Exercise requirements: Within the material below, locate the line with "Buffalo Bisons Royal" and the line with "For Oukitel WP28", then return those two lines and all lines between them, exactly as written.

Records supplied:
::::::::

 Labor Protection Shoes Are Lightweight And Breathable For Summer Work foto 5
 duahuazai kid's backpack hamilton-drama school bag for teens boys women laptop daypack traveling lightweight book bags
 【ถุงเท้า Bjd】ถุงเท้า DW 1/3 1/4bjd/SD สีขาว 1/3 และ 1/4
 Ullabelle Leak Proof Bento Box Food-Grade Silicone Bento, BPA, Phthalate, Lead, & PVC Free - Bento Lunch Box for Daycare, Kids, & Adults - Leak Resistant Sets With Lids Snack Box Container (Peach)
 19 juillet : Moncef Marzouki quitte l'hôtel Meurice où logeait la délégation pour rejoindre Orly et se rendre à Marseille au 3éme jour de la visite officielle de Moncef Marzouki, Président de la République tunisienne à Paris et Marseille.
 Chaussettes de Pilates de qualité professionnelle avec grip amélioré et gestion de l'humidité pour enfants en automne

::::::::

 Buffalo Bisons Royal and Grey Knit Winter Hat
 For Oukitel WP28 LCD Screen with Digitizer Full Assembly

::::::::

Finished exercise:
 Buffalo Bisons Royal and Grey Knit Winter Hat
 For Oukitel WP28 LCD Screen with Digitizer Full Assembly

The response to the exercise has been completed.